Please copy the listing that follows exactly, leaving out any pictures.
=== Information supplied ===
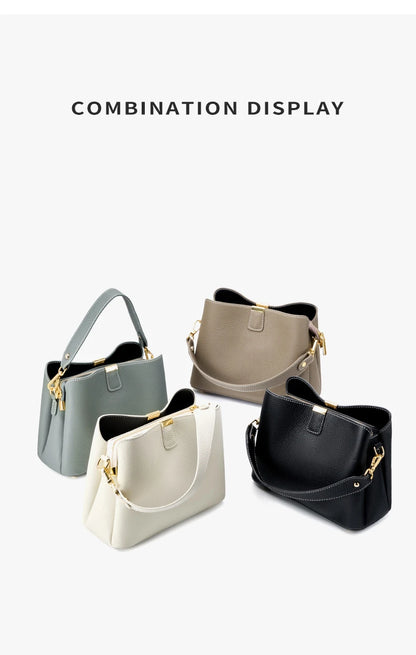 Hifashion 100% vache en cuir véritable seau épaule sacs à bandoulière pour femmes 2025 luxe concepteur large sangle fourre-tout dames sacs à main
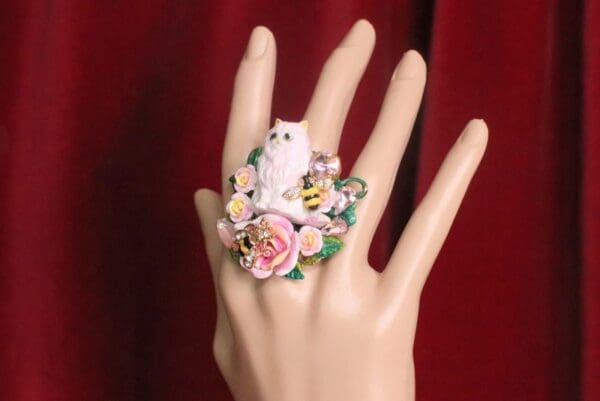 SOLD! 7219 Baroque Art Jewelry Kitty Cat Cocktail Adjustable Ring - Image 7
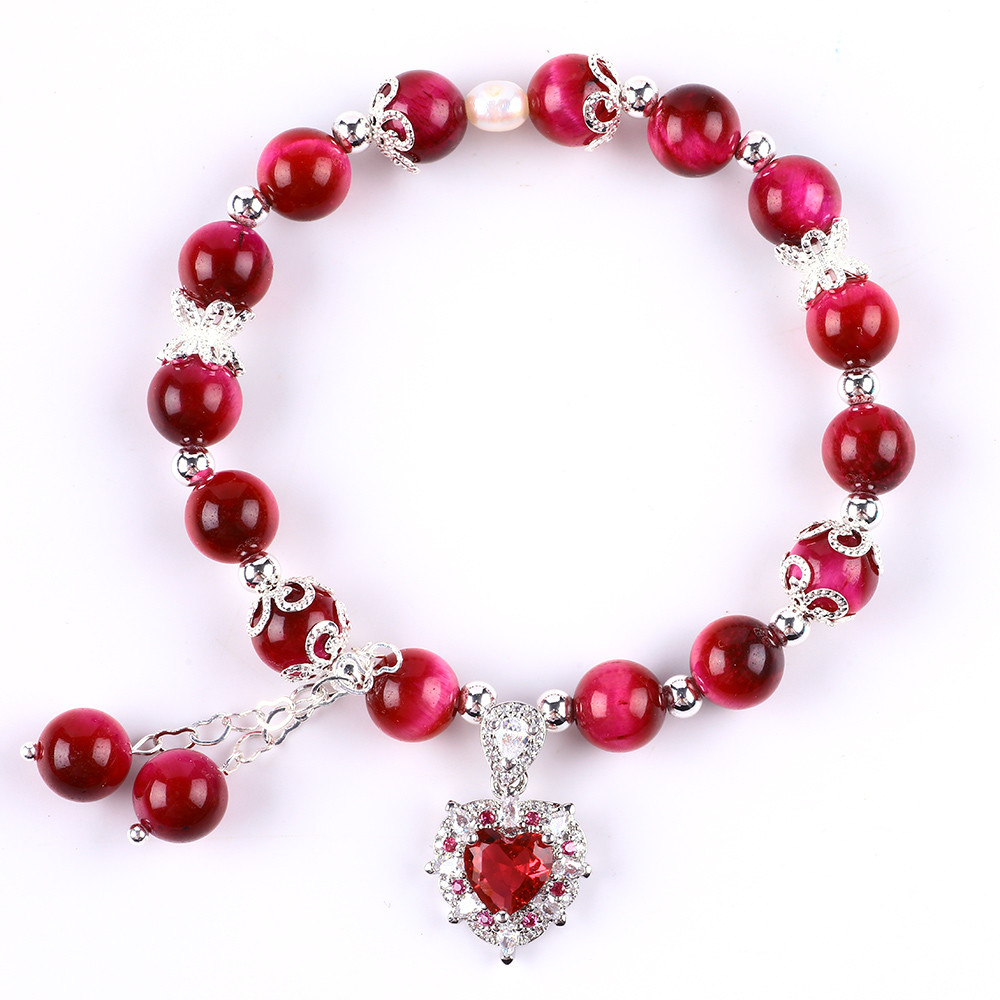 8mm Round Stone Rose Red Tiger'S Eye Beaded Stretch Bracelet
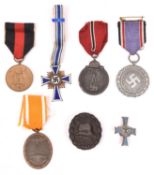 5 Third Reich medals: Eastern Front, Mother's Cross, Luftschutz Service; West Wall October 1938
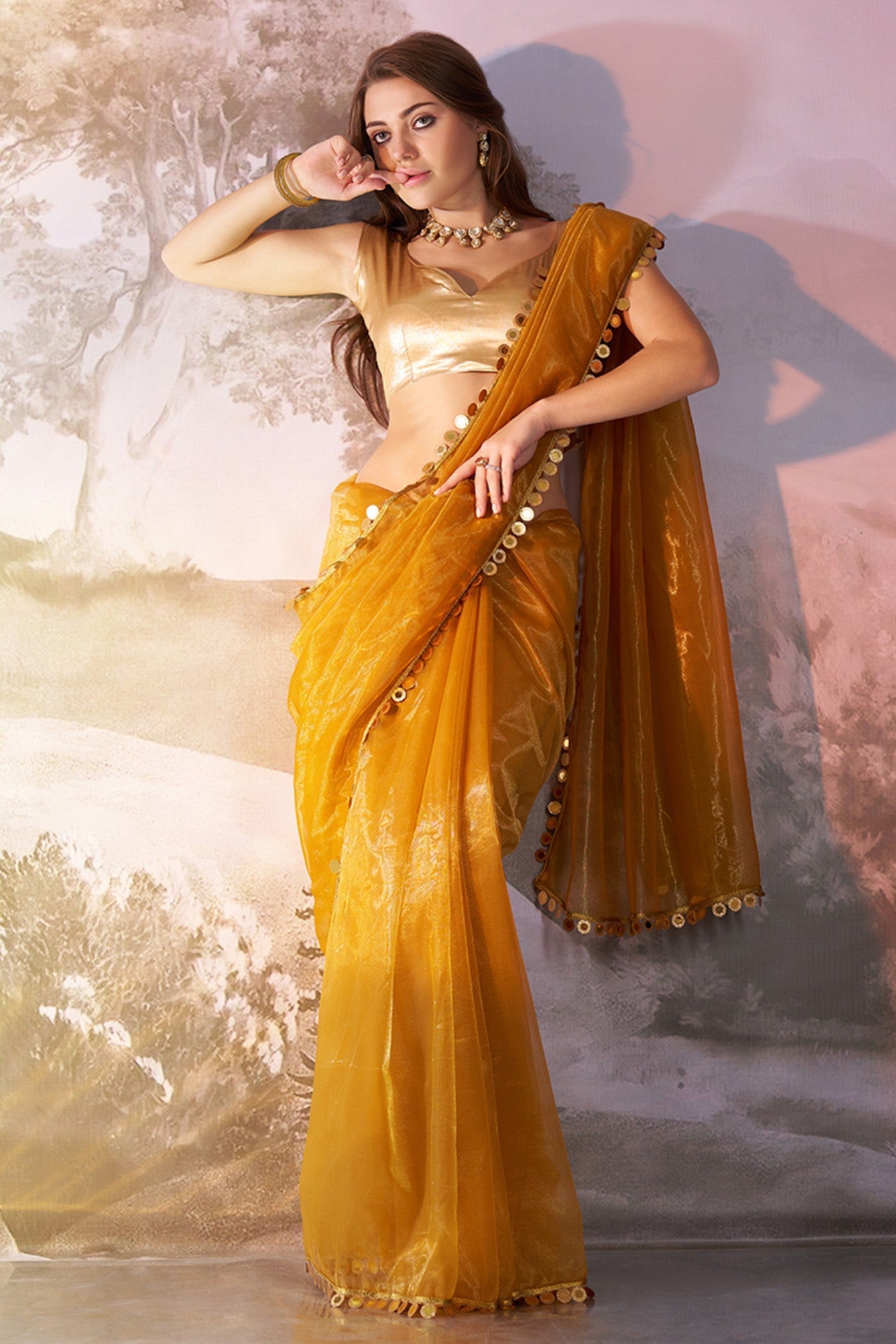 Butterscotch Yellow Partywear Net saree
===
● **Response for this exercise**:
 Hifashion 100% vache en cuir véritable seau épaule sacs à bandoulière pour femmes 2025 luxe concepteur large sangle fourre-tout dames sacs à main
 SOLD! 7219 Baroque Art Jewelry Kitty Cat Cocktail Adjustable Ring - Image 7
 8mm Round Stone Rose Red Tiger'S Eye Beaded Stretch Bracelet
 5 Third Reich medals: Eastern Front, Mother's Cross, Luftschutz Service; West Wall October 1938
 Butterscotch Yellow Partywear Net saree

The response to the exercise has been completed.